Or an alcohol induced blur of fried foods and sometimes sketchy locations. Whatevs.

Anyway, enough patting ourselves on the back … on to this week’s adventure of choice, Spunkmeyer’s Pub. Which is just funny to say. Or dirty. I haven’t really decided which side of that coin my head gravitates to just yet. In any case, it was NOT as much fun to actually find, as we started out our visit by completely walking into the wrong place. Yep. To their credit, the name “Crafted Cocktail Company” was clearly marked on the door we walked in … but to our credit, said door was also conveniently housed very nearly underneath the large sign overhead that read “Spunkmeyer’s Pub,” so we can’t have been the only ones to ever make that mistake. Or maybe we can. Who knows. At least it was dark enough in there that I’m fairly positive no one even realized we had walked in, save for the sliver of light that permeated the place when we opened the door.

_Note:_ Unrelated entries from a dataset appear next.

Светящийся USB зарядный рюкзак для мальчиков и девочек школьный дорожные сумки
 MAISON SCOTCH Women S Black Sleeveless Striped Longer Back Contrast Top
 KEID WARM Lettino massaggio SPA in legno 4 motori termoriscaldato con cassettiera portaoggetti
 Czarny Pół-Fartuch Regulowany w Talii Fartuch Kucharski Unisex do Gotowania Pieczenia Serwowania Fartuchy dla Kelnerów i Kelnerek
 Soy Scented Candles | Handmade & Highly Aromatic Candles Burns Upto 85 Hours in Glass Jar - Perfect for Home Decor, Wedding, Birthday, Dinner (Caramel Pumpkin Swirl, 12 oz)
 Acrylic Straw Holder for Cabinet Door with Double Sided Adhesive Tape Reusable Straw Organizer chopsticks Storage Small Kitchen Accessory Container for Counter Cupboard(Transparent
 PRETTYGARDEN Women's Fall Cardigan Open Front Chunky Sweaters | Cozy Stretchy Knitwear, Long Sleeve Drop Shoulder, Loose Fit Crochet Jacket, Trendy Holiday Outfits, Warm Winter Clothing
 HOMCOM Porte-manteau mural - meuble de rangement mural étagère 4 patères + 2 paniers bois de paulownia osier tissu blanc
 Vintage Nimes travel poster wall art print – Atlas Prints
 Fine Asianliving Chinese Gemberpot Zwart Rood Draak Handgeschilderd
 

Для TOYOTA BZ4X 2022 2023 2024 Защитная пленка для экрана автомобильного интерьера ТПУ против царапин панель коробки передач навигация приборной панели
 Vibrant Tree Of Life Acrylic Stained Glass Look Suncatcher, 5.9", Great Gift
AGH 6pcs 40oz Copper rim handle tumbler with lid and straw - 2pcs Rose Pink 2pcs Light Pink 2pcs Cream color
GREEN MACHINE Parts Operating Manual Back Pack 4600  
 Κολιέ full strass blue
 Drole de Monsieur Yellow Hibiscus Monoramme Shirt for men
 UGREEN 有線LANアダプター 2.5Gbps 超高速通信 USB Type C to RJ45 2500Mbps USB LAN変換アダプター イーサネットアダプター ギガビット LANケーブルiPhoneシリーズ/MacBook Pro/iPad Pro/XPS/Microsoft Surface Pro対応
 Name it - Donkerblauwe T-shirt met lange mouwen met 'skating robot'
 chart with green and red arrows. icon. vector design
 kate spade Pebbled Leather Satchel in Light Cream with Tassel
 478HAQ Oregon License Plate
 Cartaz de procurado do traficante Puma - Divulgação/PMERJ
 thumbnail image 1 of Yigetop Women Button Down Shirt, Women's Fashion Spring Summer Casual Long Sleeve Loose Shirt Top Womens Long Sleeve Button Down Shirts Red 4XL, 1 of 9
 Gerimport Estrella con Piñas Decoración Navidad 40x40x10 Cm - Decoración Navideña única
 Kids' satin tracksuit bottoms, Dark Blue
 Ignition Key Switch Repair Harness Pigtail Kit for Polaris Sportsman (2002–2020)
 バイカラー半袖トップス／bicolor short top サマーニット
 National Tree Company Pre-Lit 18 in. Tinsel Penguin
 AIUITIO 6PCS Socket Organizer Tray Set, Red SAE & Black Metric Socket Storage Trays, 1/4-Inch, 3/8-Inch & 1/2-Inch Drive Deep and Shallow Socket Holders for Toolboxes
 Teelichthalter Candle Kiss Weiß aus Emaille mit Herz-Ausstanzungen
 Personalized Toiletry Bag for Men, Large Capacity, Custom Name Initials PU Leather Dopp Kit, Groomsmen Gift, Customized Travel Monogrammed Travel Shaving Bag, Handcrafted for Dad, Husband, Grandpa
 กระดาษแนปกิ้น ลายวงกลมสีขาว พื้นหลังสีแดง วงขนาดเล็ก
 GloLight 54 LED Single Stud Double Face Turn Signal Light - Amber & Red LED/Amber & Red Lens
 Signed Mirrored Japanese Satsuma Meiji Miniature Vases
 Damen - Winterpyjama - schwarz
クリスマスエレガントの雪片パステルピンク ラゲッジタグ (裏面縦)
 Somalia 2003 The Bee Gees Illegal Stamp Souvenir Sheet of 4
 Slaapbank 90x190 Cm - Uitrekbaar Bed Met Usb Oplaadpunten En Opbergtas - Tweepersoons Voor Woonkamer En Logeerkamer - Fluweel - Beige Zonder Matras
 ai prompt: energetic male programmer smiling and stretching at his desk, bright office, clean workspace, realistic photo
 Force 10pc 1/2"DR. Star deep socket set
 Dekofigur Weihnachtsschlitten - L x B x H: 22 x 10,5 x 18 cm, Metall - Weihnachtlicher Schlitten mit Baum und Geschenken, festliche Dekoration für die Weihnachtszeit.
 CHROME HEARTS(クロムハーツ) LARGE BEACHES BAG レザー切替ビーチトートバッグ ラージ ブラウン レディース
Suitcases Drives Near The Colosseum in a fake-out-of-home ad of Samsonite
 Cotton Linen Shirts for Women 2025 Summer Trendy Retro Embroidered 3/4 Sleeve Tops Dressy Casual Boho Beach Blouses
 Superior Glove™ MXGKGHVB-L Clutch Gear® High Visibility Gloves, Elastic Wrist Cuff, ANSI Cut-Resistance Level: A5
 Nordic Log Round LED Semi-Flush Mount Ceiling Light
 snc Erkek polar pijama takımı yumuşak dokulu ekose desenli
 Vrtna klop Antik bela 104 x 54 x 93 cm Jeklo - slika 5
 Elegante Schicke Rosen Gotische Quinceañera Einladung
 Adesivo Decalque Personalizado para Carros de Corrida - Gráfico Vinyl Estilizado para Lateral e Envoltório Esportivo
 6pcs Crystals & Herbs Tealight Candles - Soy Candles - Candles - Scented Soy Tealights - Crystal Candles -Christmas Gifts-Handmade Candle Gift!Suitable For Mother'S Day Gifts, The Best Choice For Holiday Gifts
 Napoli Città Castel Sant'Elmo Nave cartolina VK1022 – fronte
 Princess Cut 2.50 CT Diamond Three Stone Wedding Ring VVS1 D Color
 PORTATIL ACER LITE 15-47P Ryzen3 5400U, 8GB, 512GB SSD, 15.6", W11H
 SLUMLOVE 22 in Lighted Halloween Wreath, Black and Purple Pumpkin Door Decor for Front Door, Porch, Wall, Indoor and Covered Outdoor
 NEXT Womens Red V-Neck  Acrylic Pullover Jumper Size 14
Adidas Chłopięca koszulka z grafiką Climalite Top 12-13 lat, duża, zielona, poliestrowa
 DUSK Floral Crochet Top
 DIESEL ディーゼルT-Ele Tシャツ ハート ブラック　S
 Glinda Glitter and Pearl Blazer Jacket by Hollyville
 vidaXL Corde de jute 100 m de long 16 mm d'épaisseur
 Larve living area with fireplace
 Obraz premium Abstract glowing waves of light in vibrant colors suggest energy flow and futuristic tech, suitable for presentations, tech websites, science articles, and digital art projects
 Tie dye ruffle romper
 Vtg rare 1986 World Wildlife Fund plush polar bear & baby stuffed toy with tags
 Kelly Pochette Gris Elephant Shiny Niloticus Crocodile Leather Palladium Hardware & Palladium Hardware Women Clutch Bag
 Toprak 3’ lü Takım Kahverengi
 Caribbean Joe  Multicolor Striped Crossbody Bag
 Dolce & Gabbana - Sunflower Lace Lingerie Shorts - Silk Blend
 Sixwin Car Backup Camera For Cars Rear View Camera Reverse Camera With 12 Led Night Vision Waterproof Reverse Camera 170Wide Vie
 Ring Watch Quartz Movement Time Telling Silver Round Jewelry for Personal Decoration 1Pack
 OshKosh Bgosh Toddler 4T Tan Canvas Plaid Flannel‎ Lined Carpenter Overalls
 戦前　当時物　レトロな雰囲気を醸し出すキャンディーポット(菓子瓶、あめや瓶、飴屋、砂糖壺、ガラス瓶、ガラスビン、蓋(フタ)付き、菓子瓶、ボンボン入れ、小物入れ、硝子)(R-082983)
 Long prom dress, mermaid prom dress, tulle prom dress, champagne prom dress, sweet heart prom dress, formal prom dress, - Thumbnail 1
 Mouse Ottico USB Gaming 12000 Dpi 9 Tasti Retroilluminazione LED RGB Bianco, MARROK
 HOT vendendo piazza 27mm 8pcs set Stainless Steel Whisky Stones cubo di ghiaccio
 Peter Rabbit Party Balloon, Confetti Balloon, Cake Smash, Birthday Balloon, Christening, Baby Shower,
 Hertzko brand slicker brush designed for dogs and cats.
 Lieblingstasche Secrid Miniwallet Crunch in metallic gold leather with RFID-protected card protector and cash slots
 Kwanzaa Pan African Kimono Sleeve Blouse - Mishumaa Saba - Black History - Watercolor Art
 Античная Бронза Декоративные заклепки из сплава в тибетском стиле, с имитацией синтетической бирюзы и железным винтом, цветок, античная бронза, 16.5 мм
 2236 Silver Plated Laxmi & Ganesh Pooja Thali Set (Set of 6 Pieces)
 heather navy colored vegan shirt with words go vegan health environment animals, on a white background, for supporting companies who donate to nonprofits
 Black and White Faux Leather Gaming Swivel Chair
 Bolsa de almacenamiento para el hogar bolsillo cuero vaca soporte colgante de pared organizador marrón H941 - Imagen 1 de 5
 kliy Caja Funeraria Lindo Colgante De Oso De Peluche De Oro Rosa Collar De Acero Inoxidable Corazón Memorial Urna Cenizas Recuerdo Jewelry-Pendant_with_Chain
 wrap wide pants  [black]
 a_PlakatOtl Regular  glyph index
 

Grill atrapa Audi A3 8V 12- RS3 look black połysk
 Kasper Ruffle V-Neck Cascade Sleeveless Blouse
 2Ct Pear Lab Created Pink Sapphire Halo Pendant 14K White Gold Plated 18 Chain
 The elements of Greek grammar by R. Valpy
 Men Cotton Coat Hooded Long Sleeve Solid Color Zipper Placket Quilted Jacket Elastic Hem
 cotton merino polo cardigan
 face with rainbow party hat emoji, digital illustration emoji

Blunders aside, we made it next door to our destination (mental note, it’s the door on the left), and were seated for all of about 2.2 seconds before our server came over to ask if we wanted drinks. Woah, slow down there cowboy. I mean, great service is impressive … but it would be even more so if maybe you don’t take it personal and disappear for like 2,200 seconds after we tell you it’s our first time in and we need a hot minute to decide what we want. Hi, I’m a happy medium, I guess we haven’t met yet?

Especially since the drink list was a tad difficult to navigate. If you’re looking for beers, you’ve basically got the craftiest-of-the-crafts … or Miller Lite. OK. See “happy medium” reference above. I mean, that’s fine if you’re, well, Ted – who’s the king of choosing some high potency craft beer with a crazy name (case in point, this time it was something called the “21st Amendment Hop Crisis.” Exactly.) The rest of us went the mixed drink route, with the July drink special – something called a Wideon Runner. All I remember is that it contained like five different kinds of rum. And they were heavily poured, especially for only being $5.00 each. Enough said.

Oh, hello there beach drink

Oh, hello there beach drink

Our server finally reappeared and took our drink orders (yay!) but then ran away before we could even broach the subject of an appetizer order (boooo!). I guess you gotta be quick in these parts.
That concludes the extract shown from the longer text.